Europameisterschaft

Gegen Ungarns Politik: München plant EM-Stadion in Regenbogenfarben

Aus Protest gegen die Politik von Ungarns Ministerpräsident Viktor Orban und für mehr Toleranz im Sport soll das Münchner EM-Stadion auf Wunsch des Stadtrates in Regenbogenfarben erstrahlen.
Der Lesben- und Schwulenverband in Deutschland begrüßt die Idee einer in Regenbogenfarben leuchtenden Münchner EM-Arena. © Tobias Hase/dpa

Der Münchner Stadtrat fordert eine Beleuchtung in Regenbogenfarben der EM-Arena für das Spiel von Deutschland gegen Ungarn.

„Die Landeshauptstadt bekennt sich zu Vielfalt, Toleranz und echter Gleichstellung im Sport und in der ganzen Gesellschaft“, heißt es in einem fraktionsübergreifenden Antrag.

Münchens Oberbürgermeister Dieter Reiter (SPD) will nun bei UEFA und DFB für eine Regenbogen-Arena werben. Über den Antrag soll der Stadtrat zwar erst am Mittwoch, dem Spieltag, offiziell entscheiden, doch so lange will Reiter nicht warten.

„Nachdem der Antrag von allen Fraktionen gestellt wurde, werde ich mich bereits Anfang der Woche an den Veranstalter UEFA/DFB wenden“, sagte er der Deutschen Presse-Agentur. „Das ist ein wichtiges Zeichen für Toleranz und Gleichstellung.“

Klares Zeichen gegen ungarisches Gesetz

Das ungarische Parlament hatte am Dienstag ein Gesetz gebilligt, das die Informationsrechte von Jugendlichen in Hinblick auf Homosexualität und Transsexualität einschränkt. Das Gesetz gilt als besonderes Anliegen von Ministerpräsident Viktor Orban. Entsprechend laut war die Forderung nach einem klaren Zeichen bei der Fußball-EM in Deutschland geworden.

Der Lesben- und Schwulenverband in Deutschland begrüßte die Idee einer in Regenbogenfarben leuchtenden Münchner EM-Arena beim Gruppenfinale am Mittwoch gegen Ungarn. „Gerade weil wir im „Pride Month“ sind.
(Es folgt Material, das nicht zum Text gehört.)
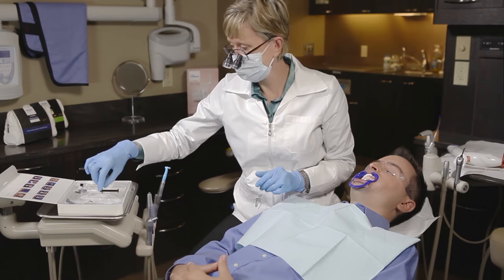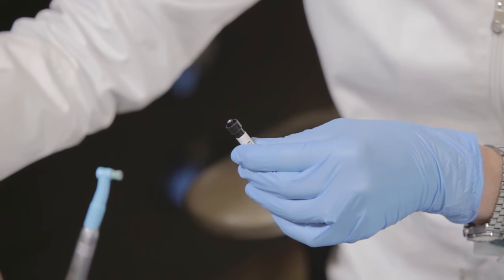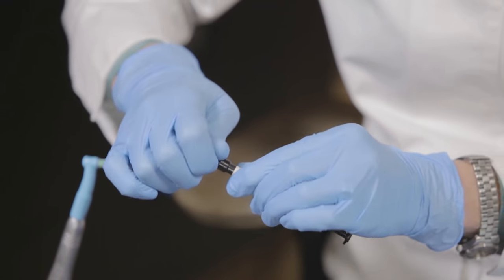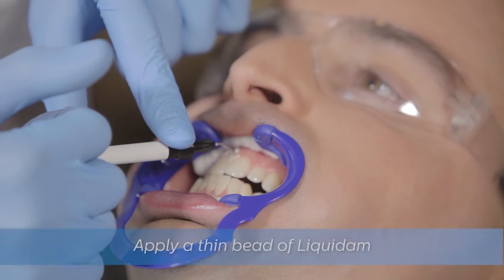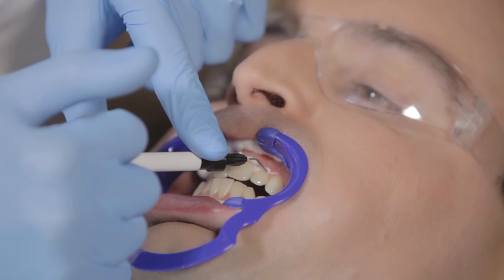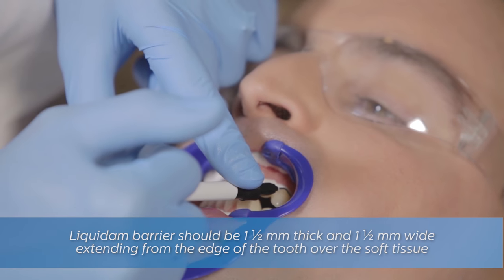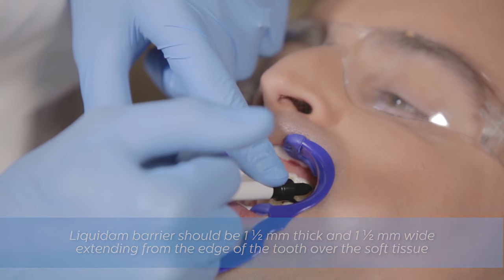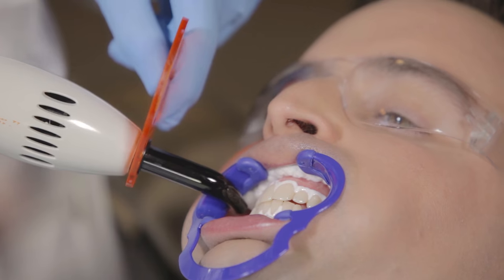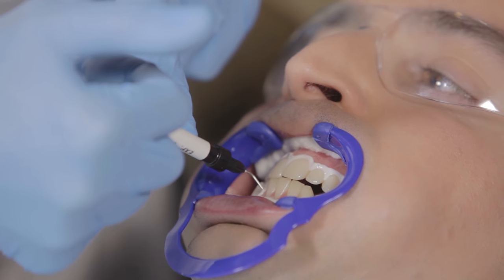Dry the gums and teeth. Next, twist off the cap on the Liquidam syringe and attach the metal tip. Apply a bead of Liquidam along the gingival margin, being careful to cover the exposed gum along the margin to help prevent any sensitivity. The Liquidam bead should be approximately 1½ mm thick and 1½ mm wide, drawn down to cover the papillae. When finished, cure the Liquidam for 3 to 5 seconds using a sweeping motion to prevent excessive heat against the soft tissue. Then repeat the Liquidam application on the lower teeth and utilize the same curing method.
Das wäre ein klares Zeichen“, sagte LSVD-Bundesvorstand Christian Rudolph, der zugleich erster Ansprechpartner für geschlechtliche und sexuelle Vielfalt beim DFB ist, der Deutschen Presse-Agentur. Die Europäische Fußball-Union UEFA sei nun gefordert, „das Vorhaben zu unterstützen“.

Der Verband sei „in engem Austausch mit dem DFB“. Rudolph verwies auch auf die Kapitänsbinde in Regenbogenfarben, die Nationaltorwart Manuel Neuer bereits im ersten Vorrundenspiel in München gegen Frankreich (0:1) getragen hatte. „Das ist nicht nur eine einmalige Aktion, umso wichtiger ist es, dass es über die EM andauert. Ich weiß, dass die Mannschaft dahinter steht“, sagte Rudolph.

„Es macht bei solchen Spielen noch einmal mehr Sinn – es ist wichtig, dass solche Aktionen nicht mehr verboten werden“, betonte er. Der Sport dürfe sich nicht verstecken und müsse zu seinen Werten stehen.

Der LSVD richtet am 26. Juni zudem die digitale Demonstration „SportPride 2021“ aus für die Sichtbarkeit und Unterstützung aller Lesben, Schwulen, Bisexuellen, trans- und intergeschlechtlichen Menschen im Sport.

Auch Regenbogenfahnen am Münchner Rathaus

Nach dem Willen der Stadträte soll auch das Münchner Rathaus mit Regenbogenfahnen beflaggt werden. „Anlässlich des EM-Spiels Deutschland gegen Ungarn ist es der Landeshauptstadt München wichtig, ein sichtbares Zeichen der Solidarität mit der LGBTI Community in Ungarn zu setzen, die unter der aktuell verschärften homo- und transphoben Gesetzgebung der Ungarischen Regierung zu leiden hat“, hieß es in dem Antrag.

Das Spiel gegen Ungarn sei eine Möglichkeit, „die Botschaft zu senden, dass München für eine bunte, vielfältige und tolerante Gesellschaft steht“.